### WORK INSTRUCTION
Repeat the data in full. Drop every picture.

### DATASET EXCERPT
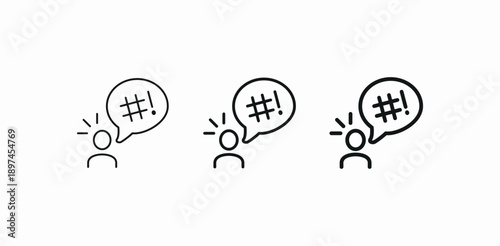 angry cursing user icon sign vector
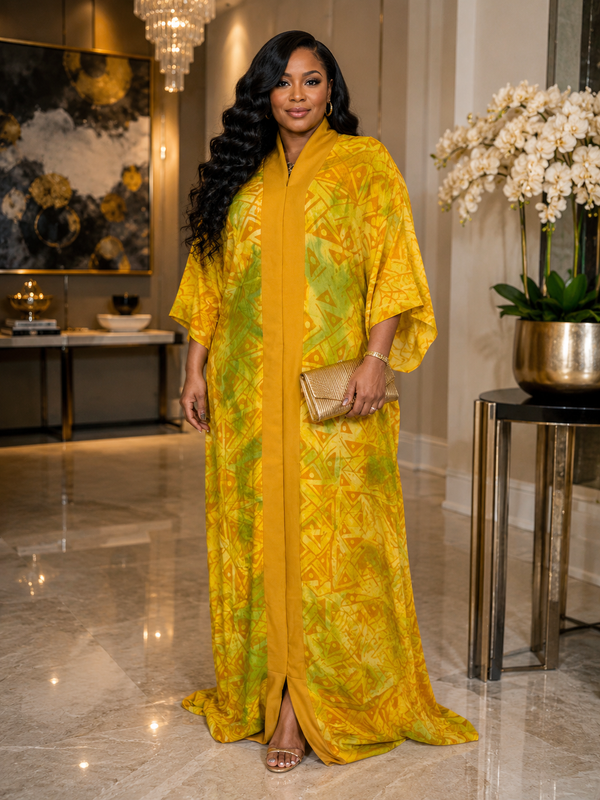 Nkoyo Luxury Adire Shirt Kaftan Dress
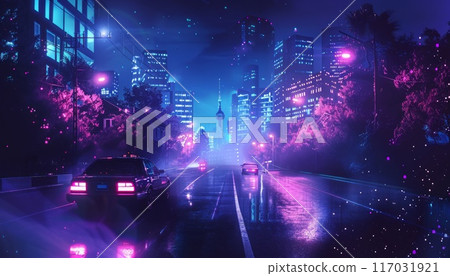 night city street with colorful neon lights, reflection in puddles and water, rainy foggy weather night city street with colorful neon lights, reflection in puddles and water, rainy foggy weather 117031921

### PROBLEM SOLUTION
 angry cursing user icon sign vector
 Nkoyo Luxury Adire Shirt Kaftan Dress
 night city street with colorful neon lights, reflection in puddles and water, rainy foggy weather night city street with colorful neon lights, reflection in puddles and water, rainy foggy weather 117031921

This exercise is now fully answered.